We captured a few birds for you to see. Well we captured their light in the camera. There is a very large dove, or pigeon-like bird that likes to sit on the corner of our bedroom. The song is like a very loud monkey, and no, it’s not pretty, like some of the birds. I keep telling Sister Cloward that one of these mornings I am going to serve her sqwab for breakfast. The bird insists on starting before sun up (about 4:30AM). Maybe he is just calling us to come out and see the light of the new day - hmmm...maybe I could get him to turn out that light.
Then there is a strange looking woody woodpecker looking bird - modeled browns and a tuft on the back of its head that about matches the narrow long beak on the front. No obnoxious song coming from that feathered friend. Then there was this yellow and brown bird that came to our little flower pot base bird bath and watering hole. Talk about having a bird-ball! That little guy really played it up royal to the dismay of several others that thought he had taken more than his fair share of time in the bathroom.
We have regular visits from our large blue lizard neighbor. He makes his rounds around the top of the cement wall around the property pretty much each day. That is a very long walk (crawl?) for the critter.

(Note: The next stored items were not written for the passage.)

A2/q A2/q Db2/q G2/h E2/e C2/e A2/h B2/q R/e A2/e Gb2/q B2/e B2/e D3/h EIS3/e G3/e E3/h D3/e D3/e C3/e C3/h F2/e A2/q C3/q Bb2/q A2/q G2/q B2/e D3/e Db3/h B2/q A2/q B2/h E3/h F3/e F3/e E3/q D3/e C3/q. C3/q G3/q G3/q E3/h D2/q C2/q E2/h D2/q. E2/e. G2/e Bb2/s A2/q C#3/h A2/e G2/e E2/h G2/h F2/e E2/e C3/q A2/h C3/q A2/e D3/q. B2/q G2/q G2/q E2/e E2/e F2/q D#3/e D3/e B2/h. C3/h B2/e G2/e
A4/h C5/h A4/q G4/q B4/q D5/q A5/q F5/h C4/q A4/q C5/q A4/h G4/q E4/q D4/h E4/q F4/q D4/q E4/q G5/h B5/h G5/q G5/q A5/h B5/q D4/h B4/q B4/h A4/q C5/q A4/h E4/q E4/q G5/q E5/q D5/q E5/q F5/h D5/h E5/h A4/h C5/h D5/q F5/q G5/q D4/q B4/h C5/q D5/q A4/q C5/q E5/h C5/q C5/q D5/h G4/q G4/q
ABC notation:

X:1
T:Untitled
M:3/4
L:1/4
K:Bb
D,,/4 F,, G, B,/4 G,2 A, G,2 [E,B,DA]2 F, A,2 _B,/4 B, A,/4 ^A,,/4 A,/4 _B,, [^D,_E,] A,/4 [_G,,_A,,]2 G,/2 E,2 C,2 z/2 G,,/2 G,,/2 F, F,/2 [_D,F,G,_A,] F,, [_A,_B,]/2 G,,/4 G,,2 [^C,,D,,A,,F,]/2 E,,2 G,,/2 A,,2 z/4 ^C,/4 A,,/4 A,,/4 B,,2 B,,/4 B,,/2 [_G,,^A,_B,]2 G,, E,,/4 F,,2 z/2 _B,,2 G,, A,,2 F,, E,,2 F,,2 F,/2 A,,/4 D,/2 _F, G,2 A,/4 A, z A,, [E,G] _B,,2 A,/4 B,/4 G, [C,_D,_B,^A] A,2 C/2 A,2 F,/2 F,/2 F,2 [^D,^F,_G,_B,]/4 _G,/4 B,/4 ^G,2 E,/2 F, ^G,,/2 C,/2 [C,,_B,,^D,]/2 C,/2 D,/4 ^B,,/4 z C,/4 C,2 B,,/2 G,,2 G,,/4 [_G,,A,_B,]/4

Anyway, he let me take his picture for you.
We did have a nice rainstorm last week. It was short but so welcomed. We are all praying for more rain. Only a few plants remain in the little garden I planted. Lack of water and the blistering UV of the sun has taken its toll on our hopes for a few home-grown veggies. I am still hopeful that we will yet get a bit of basil, some green beans and tomatoes from all our efforts and investment. The mangoes continue to grow and I suspect in the next 30 days well be having some mango-de-light. See, there is more light coming our way.

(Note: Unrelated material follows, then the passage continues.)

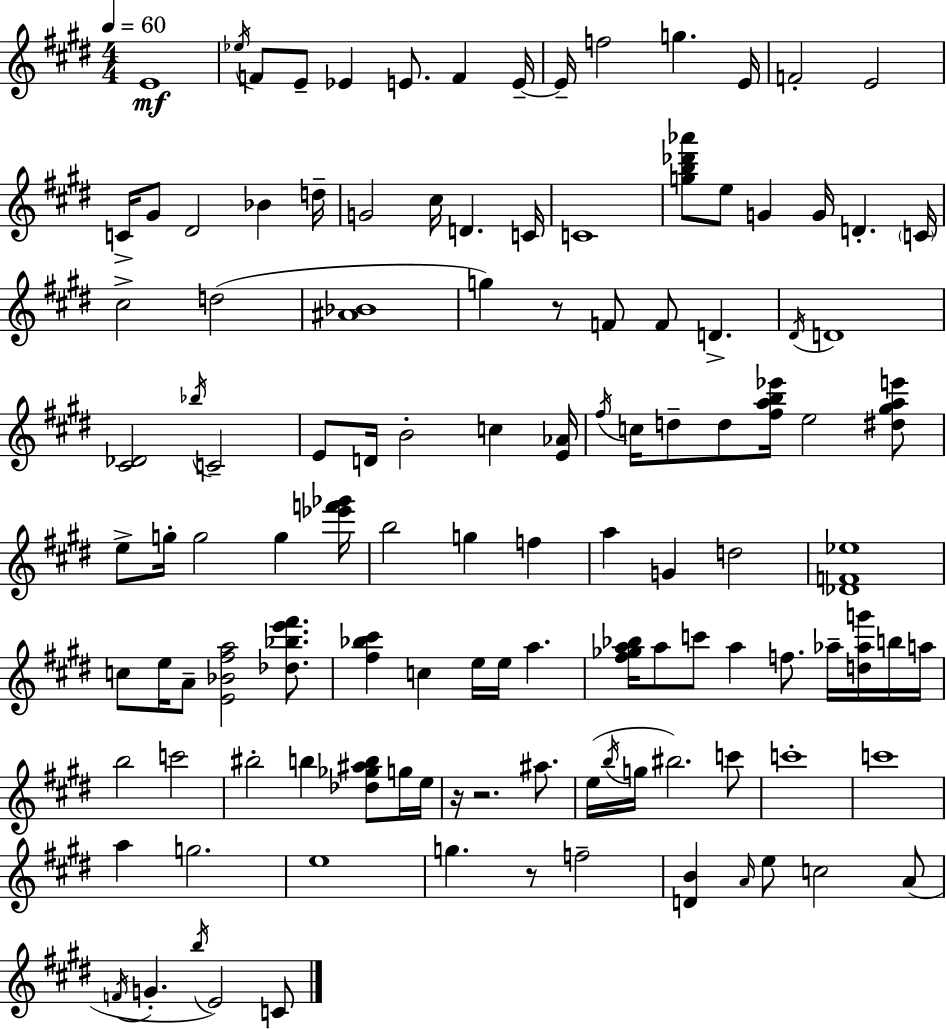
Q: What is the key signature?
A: E major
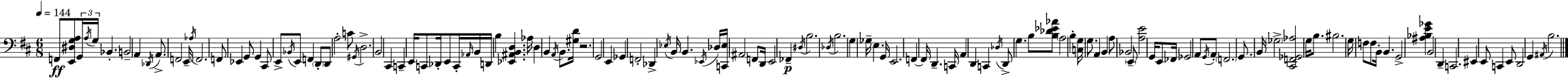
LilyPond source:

We were deeply saddened by the message that our dear friend and sister Myrna Emmett had passed away this week. We have been her home teachers for ten years. Our family loves her as an adopted grandmother. Though we were sad for her death, we were so filled with joy from the light and knowledge we hold that she is now back with her beloved Jim. You go girl! Congratulations! You endured to the end and your reward and joy is sure.

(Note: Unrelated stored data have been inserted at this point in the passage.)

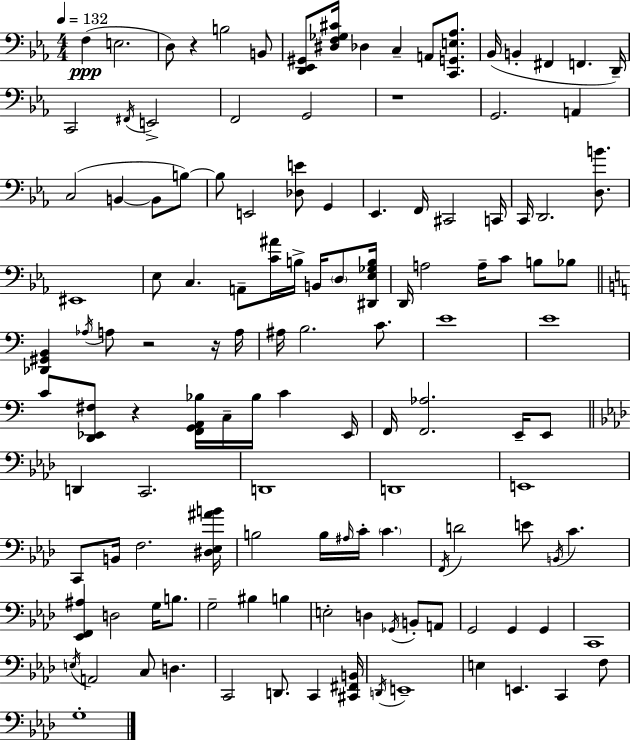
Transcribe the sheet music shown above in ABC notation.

X:1
T:Untitled
M:4/4
L:1/4
K:Cm
F, E,2 D,/2 z B,2 B,,/2 [D,,_E,,^G,,]/2 [^D,F,_G,^C]/4 _D, C, A,,/2 [C,,G,,E,_A,]/2 _B,,/4 B,, ^F,, F,, D,,/4 C,,2 ^F,,/4 E,,2 F,,2 G,,2 z4 G,,2 A,, C,2 B,, B,,/2 B,/2 B,/2 E,,2 [_D,E]/2 G,, _E,, F,,/4 ^C,,2 C,,/4 C,,/4 D,,2 [D,B]/2 ^E,,4 _E,/2 C, A,,/2 [C^A]/4 B,/4 B,,/4 D,/2 [^D,,_E,_G,B,]/4 D,,/4 A,2 A,/4 C/2 B,/2 _B,/2 [_D,,^G,,B,,] _A,/4 A,/2 z2 z/4 A,/4 ^A,/4 B,2 C/2 E4 E4 C/2 [D,,_E,,^F,]/2 z [F,,G,,A,,_B,]/4 C,/4 _B,/4 C _E,,/4 F,,/4 [F,,_A,]2 E,,/4 E,,/2 D,, C,,2 D,,4 D,,4 E,,4 C,,/2 B,,/4 F,2 [^D,_E,^AB]/4 B,2 B,/4 ^A,/4 C/4 C F,,/4 D2 E/2 B,,/4 C [_E,,F,,^A,] D,2 G,/4 B,/2 G,2 ^B, B, E,2 D, _G,,/4 B,,/2 A,,/2 G,,2 G,, G,, C,,4 E,/4 A,,2 C,/2 D, C,,2 D,,/2 C,, [^C,,^F,,B,,]/4 D,,/4 E,,4 E, E,, C,, F,/2 G,4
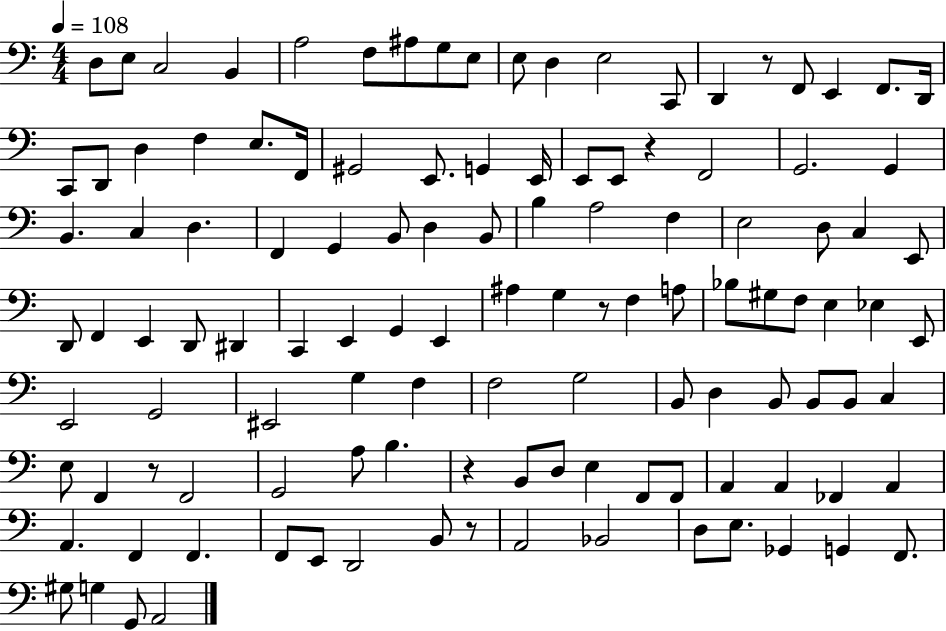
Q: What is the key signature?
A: C major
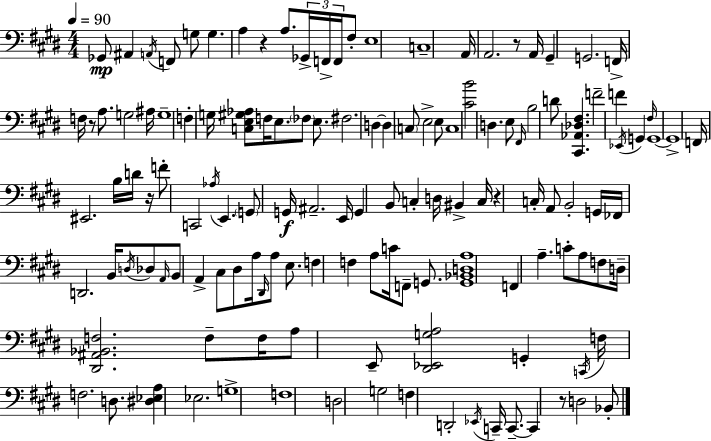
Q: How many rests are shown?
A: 6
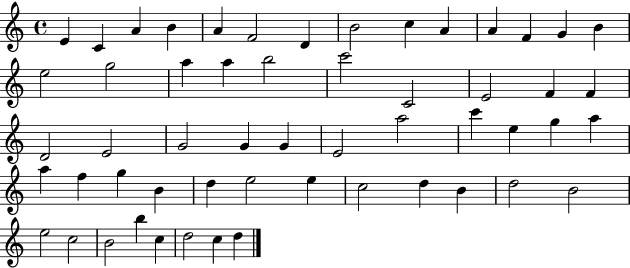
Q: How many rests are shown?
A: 0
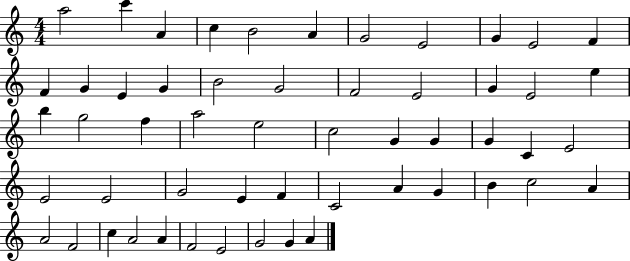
A5/h C6/q A4/q C5/q B4/h A4/q G4/h E4/h G4/q E4/h F4/q F4/q G4/q E4/q G4/q B4/h G4/h F4/h E4/h G4/q E4/h E5/q B5/q G5/h F5/q A5/h E5/h C5/h G4/q G4/q G4/q C4/q E4/h E4/h E4/h G4/h E4/q F4/q C4/h A4/q G4/q B4/q C5/h A4/q A4/h F4/h C5/q A4/h A4/q F4/h E4/h G4/h G4/q A4/q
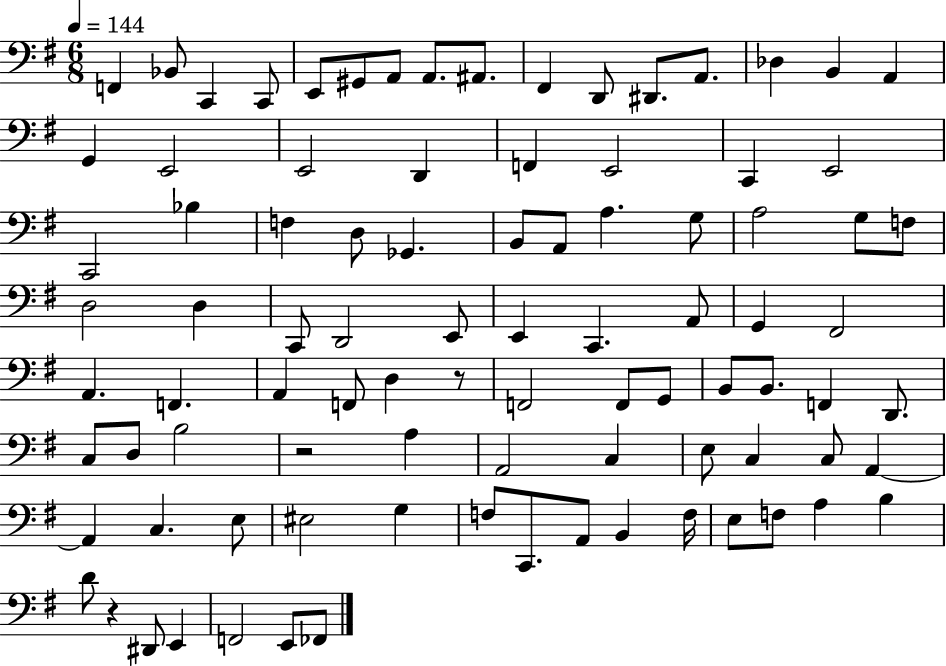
F2/q Bb2/e C2/q C2/e E2/e G#2/e A2/e A2/e. A#2/e. F#2/q D2/e D#2/e. A2/e. Db3/q B2/q A2/q G2/q E2/h E2/h D2/q F2/q E2/h C2/q E2/h C2/h Bb3/q F3/q D3/e Gb2/q. B2/e A2/e A3/q. G3/e A3/h G3/e F3/e D3/h D3/q C2/e D2/h E2/e E2/q C2/q. A2/e G2/q F#2/h A2/q. F2/q. A2/q F2/e D3/q R/e F2/h F2/e G2/e B2/e B2/e. F2/q D2/e. C3/e D3/e B3/h R/h A3/q A2/h C3/q E3/e C3/q C3/e A2/q A2/q C3/q. E3/e EIS3/h G3/q F3/e C2/e. A2/e B2/q F3/s E3/e F3/e A3/q B3/q D4/e R/q D#2/e E2/q F2/h E2/e FES2/e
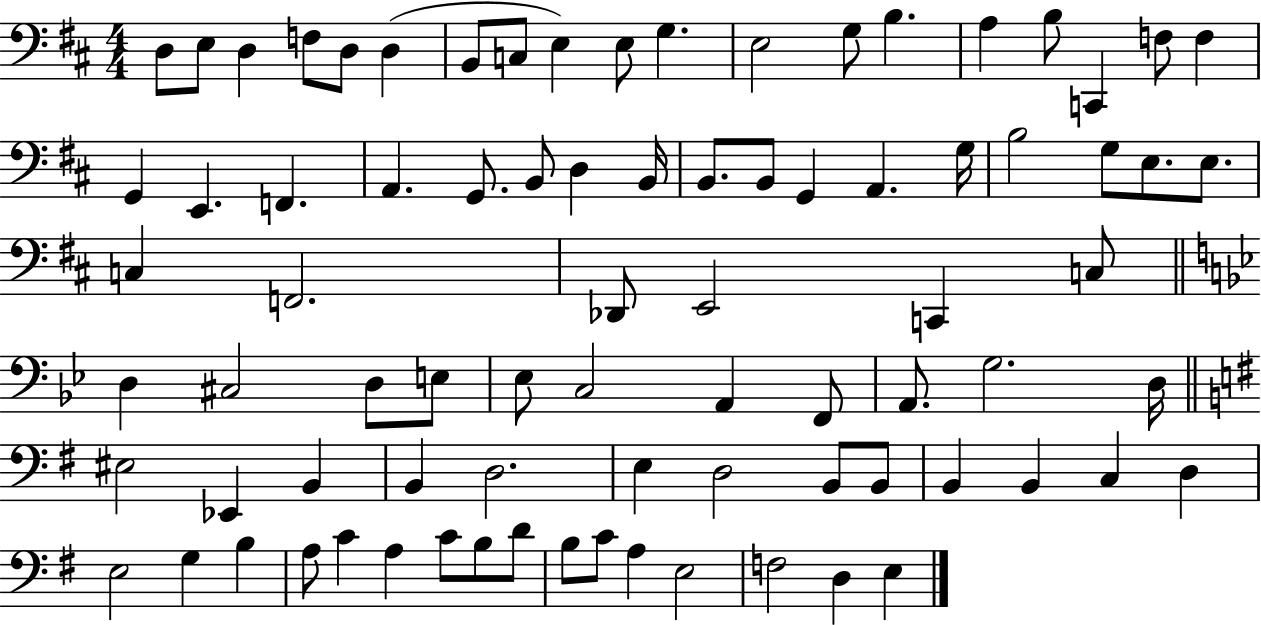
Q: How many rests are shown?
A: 0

That is the assurance and joy that comes from the light we are helping to turn on here. It is the source of that peace that is shining back from the eyes of the members, children and aged faces of those who know the light and its source.
The Seminary Graduation was Sunday. We had a record breaking 324 in attendance. There were a lot of errors in the certificates, due to the last minute sending in of reports and the difficulty of processing the records. But we got through it, in spite of a major windstorm and power outage - just as the Stake President was starting his remarks. We are looking forward to putting what we learned to work next year and will work towards having over 500 attend and far more certificates and graduations.
This is further evidence that the Church of Jesus Christ of Latter-day Saints is becoming “generational” in Botswana. These seminary and institute students will carry their light and love into a future of service throughout the country and will yet prove to be worthy and capable assets to their families, communities and country.
This week we will head up to Francistown to conduct a youth activity for the Seminary and Institute aged members. We will teach them the fine art of “smoring” after they “light” a fire and have a fireside discussion about the light of the gospel and shining it into the lives of their families and friends. More on that adventure next week.
And now it’s late, we are ready for a little shut eye, I think I will turn out the light…
Oh, yes one more thing. I don’t think it was the light (sun) but I was outside the other morning and when I came in I was a deep purple and scarlet red on my chin and up the sides of my mouth and nose. Obviously I was allergic to something (or someone). There is a picture of just how bad it looked (no pain or itch, just looked bad). I hope that I am not becoming allergic to Sister Cloward. That would be bad. Oh well, she wouldn’t be turning the lights on just to see me if I look that bad for long.
[The pictures Elder Cloward took--will have to be posted later.]